I liked thes three highlighten in yellow as they seemed the most relevant, and the least cheap ideas.
- Construction – Use sketching techniques and redraw ONE of your chosen concepts until you’ve reached a conclusion on a successful logo. Hand in your drawings as scanned PDFs.
I ended up redrawing two of them, since I had a hard time deciding, but ended up scrapping the double dog silhouette as it reminded me of something I’ve seen before. I also asked for feedback for these, where the simple lineart one prevailed as it did not seem as messy, and had more detail than the all-black one.
- Testing – Experiment more with your favourite options from Step 3 and ask the opinion of a few people. Hand in examples of the logos shown to people and write their feedback or opinion on each. (ignore the compromised opacity of the upper left)
I sent this picture to several aquiantances and asked for their feedback. Some of them have no knowledge of design, some have studied similar things, and some had marketing experience. The results were that the upper left and the upper right were the least popular both due to font, color and also orientation.

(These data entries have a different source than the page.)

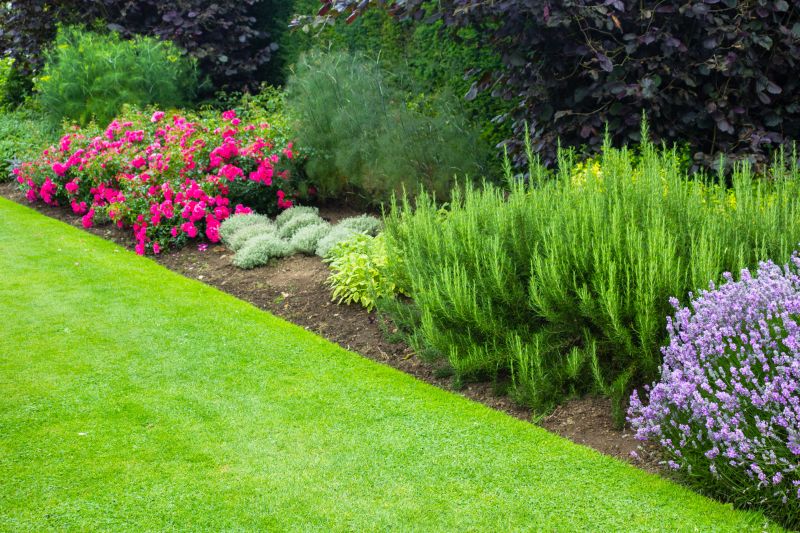 Rose Bush Planting in Ventura County, CA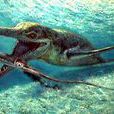 Umoonasaurus Umoonasaurus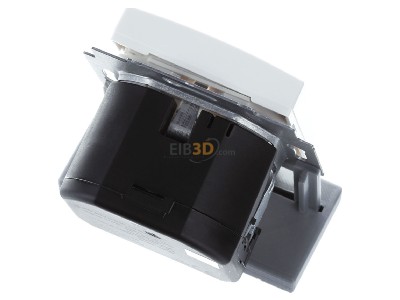 Ansicht oben hinten Busch Jaeger 20 EUCB2USBAC-914 SCHUKO Steckdose USB-A+C 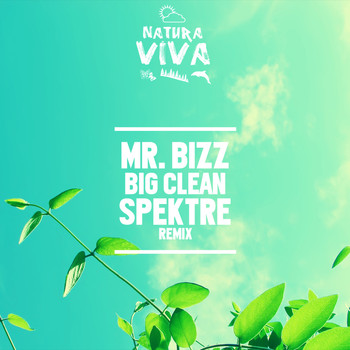 Mr. Bizz - Big Clean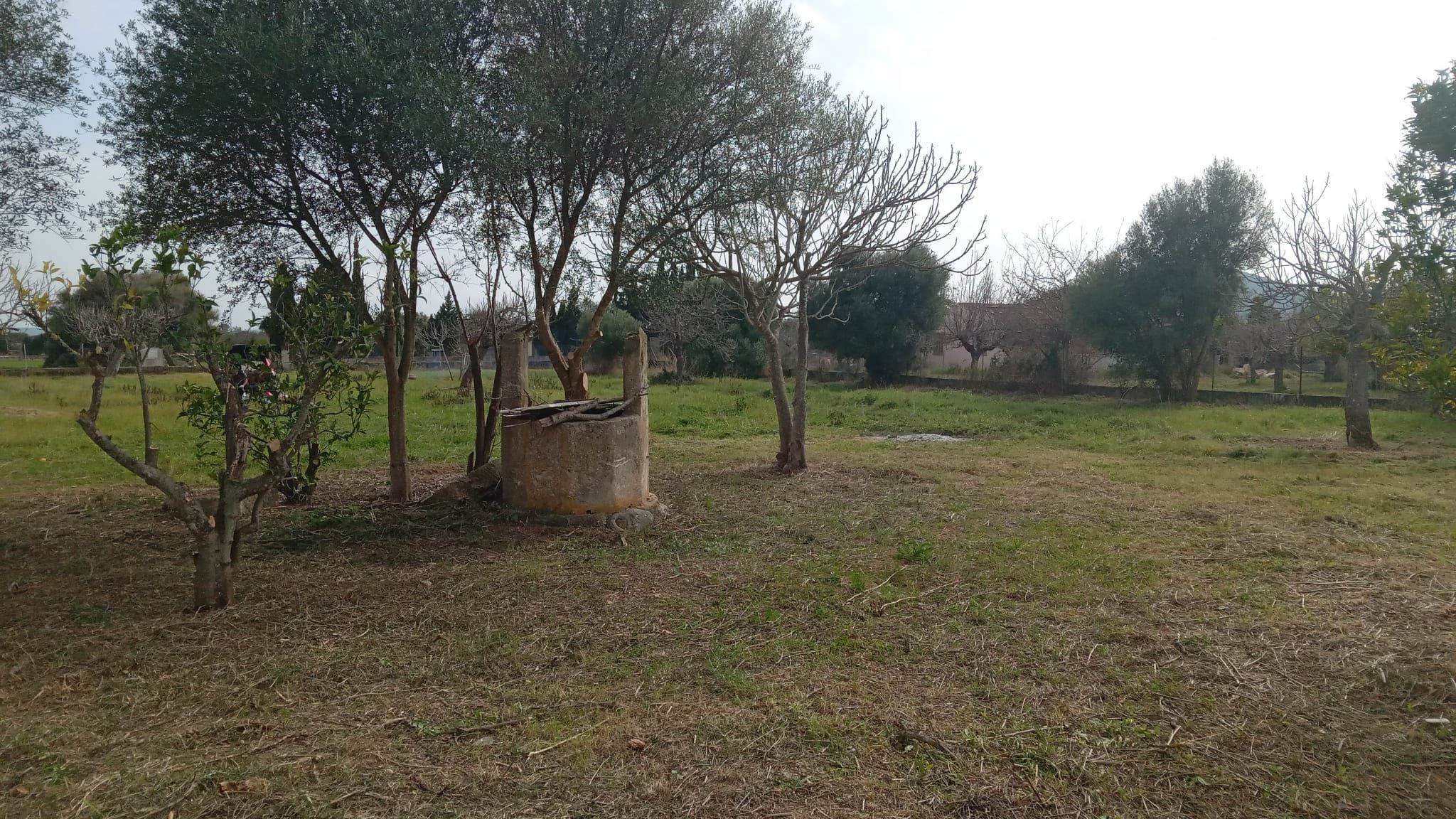 Finca rústica en venta en Campanet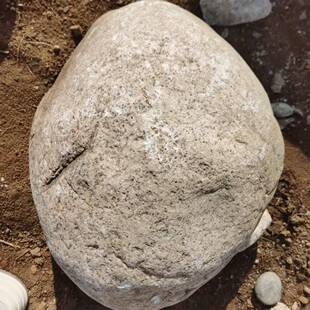 卵石岸景观石道驳石湖石鹅卵石园林景观置石河河河滩石98176造景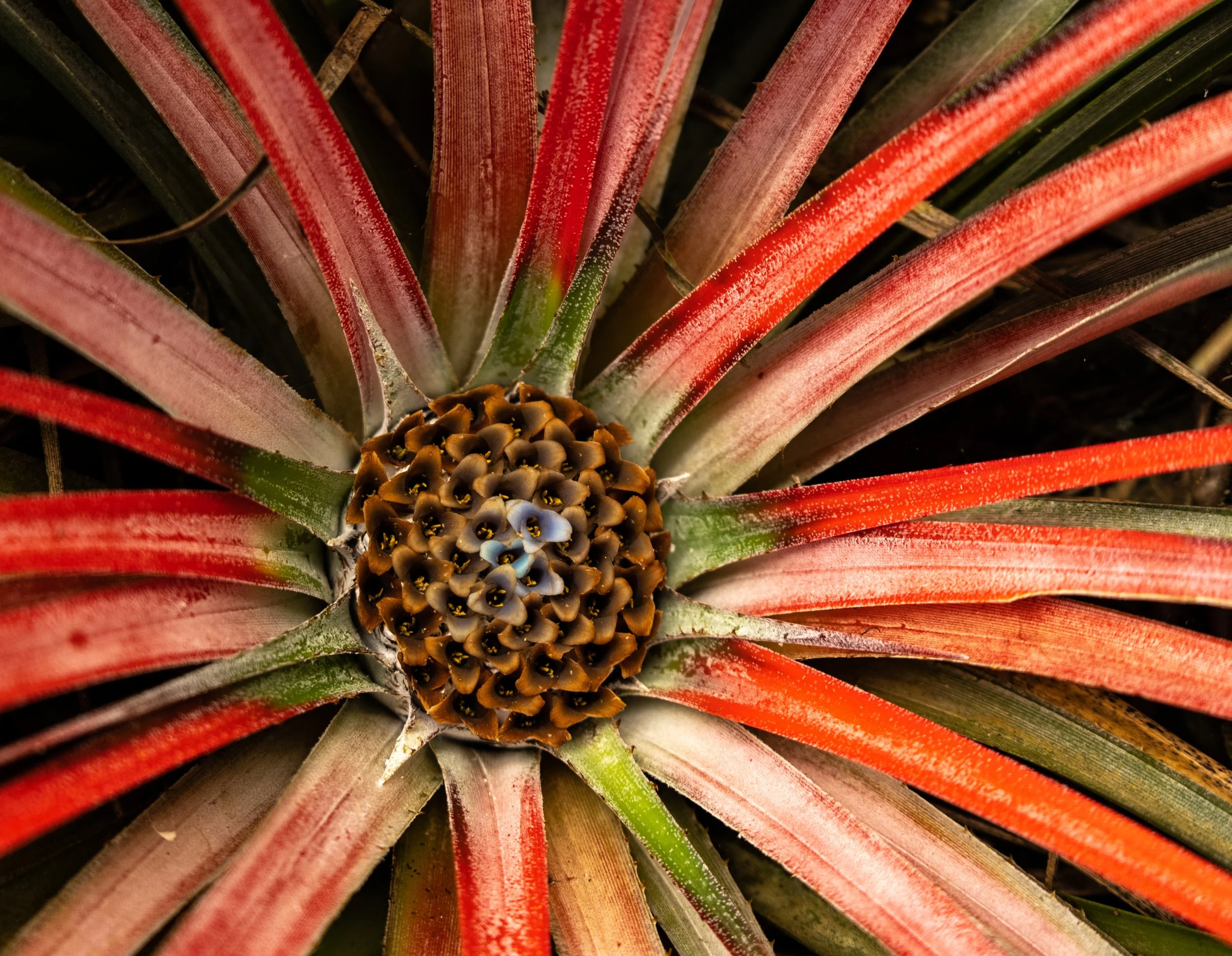 cool flower chile by rumaan.jpeg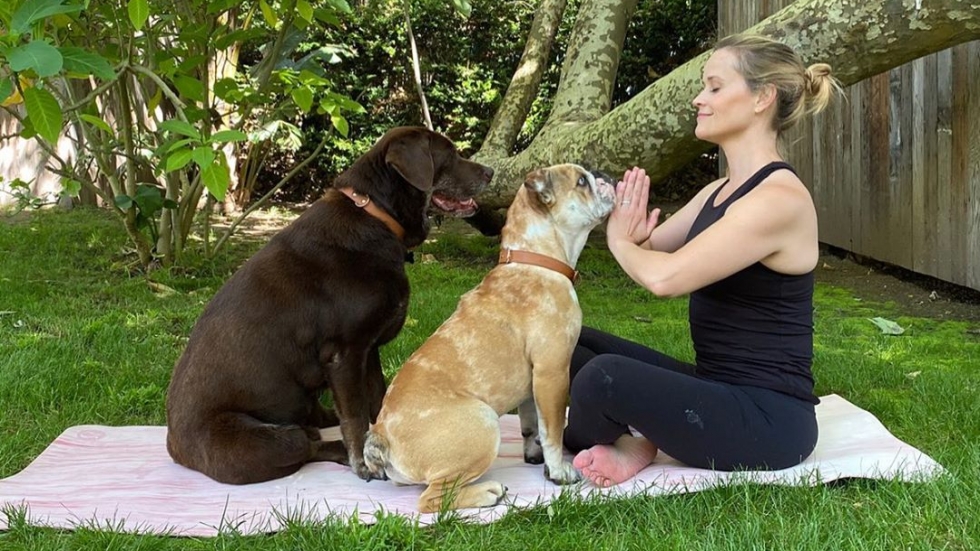 Рийз Уидърпсуун учи кучетата си на йога и търпение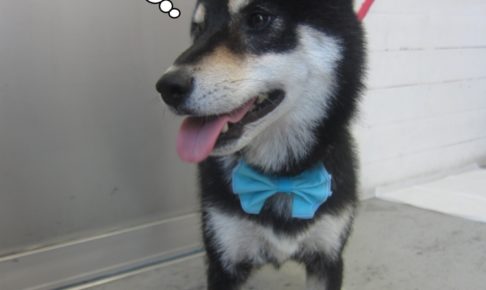 のんびり黒柴犬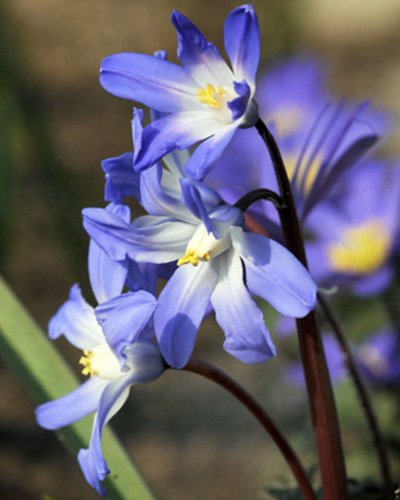 Chionodoxa Luciliae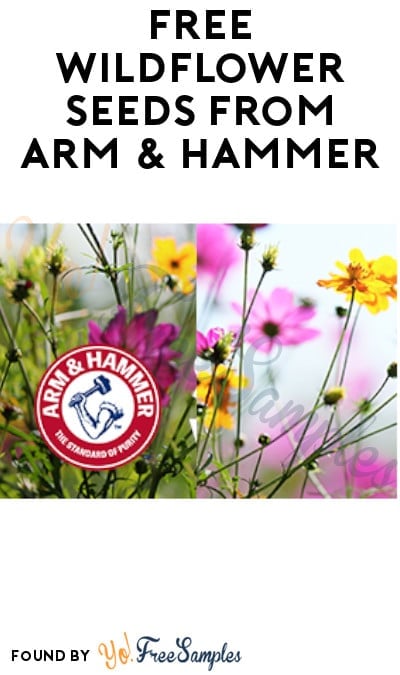 FREE Wildflower Seeds from Arm & Hammer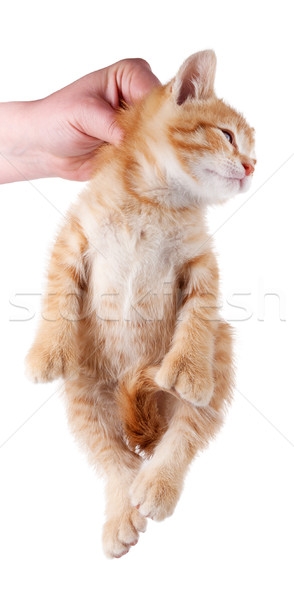 Hand holding kitten by the scruff of its neck isolated on white. Stock photo © gabes1976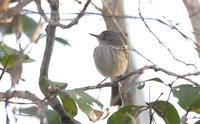 Pearly-vented Tody-Tyrant - Hemitriccus margaritaceiventer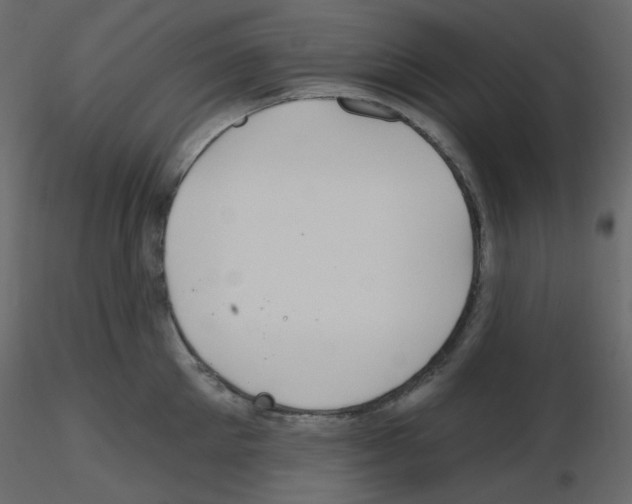 X0000115690905200912241459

The bottom right was preferred before the bottom left due to there being no shadow, and the font being clearer. Some liked the bottom left due to the exclusive feel when combining the drawing with a script font. Some liked the color on the bottom right, but in total blue triumphed.
- Reﬁnement – Choose your final design and execute it in Adobe Illustrator, along with the name of the product. Hand in your final logo as an A4 PDF.
When finally digitalizing the logo, I found the lineart to look a bit 2004, so I decided to experiment with no outline, only the silhouette. I also tried different fonts, where a modified Agenda Semibold turned out the best (in my opinion).
I had a bit of trouble with the balance of the logo, and wondered if I hould make a shape around it to bring more balance, but it did not work too well. I added the R* to contribute to more weight to the right, and a more professional feel. (The so-called rights to the logo is as fictional as the client. I might experiment more with it as I move along to the other elements.)